▶ [Exercise] Reproduce only the lines from the one containing "Used Mazda CX-5" through the end of the data, exactly as they stand.

▶ [Data excerpts]
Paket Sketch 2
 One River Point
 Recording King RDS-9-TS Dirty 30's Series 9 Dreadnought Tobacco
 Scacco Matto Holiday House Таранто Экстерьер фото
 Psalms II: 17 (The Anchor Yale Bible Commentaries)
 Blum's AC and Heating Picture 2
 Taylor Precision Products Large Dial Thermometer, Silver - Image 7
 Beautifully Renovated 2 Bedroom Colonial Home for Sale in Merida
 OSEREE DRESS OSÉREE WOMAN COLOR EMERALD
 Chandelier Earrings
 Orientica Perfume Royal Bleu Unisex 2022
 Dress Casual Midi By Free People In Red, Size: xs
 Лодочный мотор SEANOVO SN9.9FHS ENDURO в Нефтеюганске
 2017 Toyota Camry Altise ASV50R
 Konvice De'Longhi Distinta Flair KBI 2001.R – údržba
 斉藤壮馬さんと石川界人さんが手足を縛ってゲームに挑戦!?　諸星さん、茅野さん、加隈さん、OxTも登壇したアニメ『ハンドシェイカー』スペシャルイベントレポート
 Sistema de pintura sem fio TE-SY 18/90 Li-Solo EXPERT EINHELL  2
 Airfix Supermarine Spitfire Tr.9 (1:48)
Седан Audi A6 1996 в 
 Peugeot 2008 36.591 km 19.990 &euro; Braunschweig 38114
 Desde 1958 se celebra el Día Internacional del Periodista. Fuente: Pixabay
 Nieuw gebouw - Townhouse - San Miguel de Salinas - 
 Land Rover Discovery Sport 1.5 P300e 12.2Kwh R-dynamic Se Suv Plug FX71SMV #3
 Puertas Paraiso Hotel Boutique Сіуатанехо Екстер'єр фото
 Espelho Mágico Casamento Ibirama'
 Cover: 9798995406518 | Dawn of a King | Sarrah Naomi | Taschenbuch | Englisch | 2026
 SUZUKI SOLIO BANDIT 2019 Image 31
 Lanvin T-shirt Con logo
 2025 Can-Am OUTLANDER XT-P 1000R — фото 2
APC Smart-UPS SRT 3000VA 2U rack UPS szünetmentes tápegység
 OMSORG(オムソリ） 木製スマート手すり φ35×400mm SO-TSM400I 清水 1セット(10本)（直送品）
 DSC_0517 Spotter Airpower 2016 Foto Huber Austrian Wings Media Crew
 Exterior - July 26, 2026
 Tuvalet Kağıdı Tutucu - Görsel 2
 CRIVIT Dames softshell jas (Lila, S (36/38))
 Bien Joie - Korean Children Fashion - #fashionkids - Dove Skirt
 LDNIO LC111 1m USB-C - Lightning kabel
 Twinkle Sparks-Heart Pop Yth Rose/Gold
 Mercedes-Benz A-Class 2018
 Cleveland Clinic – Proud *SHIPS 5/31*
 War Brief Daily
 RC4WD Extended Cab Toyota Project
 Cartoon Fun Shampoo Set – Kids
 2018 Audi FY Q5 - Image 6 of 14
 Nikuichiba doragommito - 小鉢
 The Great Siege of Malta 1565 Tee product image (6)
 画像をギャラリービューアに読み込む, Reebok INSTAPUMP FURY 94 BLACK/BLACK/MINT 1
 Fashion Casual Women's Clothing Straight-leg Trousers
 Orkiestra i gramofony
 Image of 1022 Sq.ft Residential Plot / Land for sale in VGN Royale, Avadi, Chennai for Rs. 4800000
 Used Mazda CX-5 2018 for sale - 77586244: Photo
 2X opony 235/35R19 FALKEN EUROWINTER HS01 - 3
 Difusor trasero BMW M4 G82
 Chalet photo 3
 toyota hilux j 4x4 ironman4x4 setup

▶ [Written answer]
 Used Mazda CX-5 2018 for sale - 77586244: Photo
 2X opony 235/35R19 FALKEN EUROWINTER HS01 - 3
 Difusor trasero BMW M4 G82
 Chalet photo 3
 toyota hilux j 4x4 ironman4x4 setup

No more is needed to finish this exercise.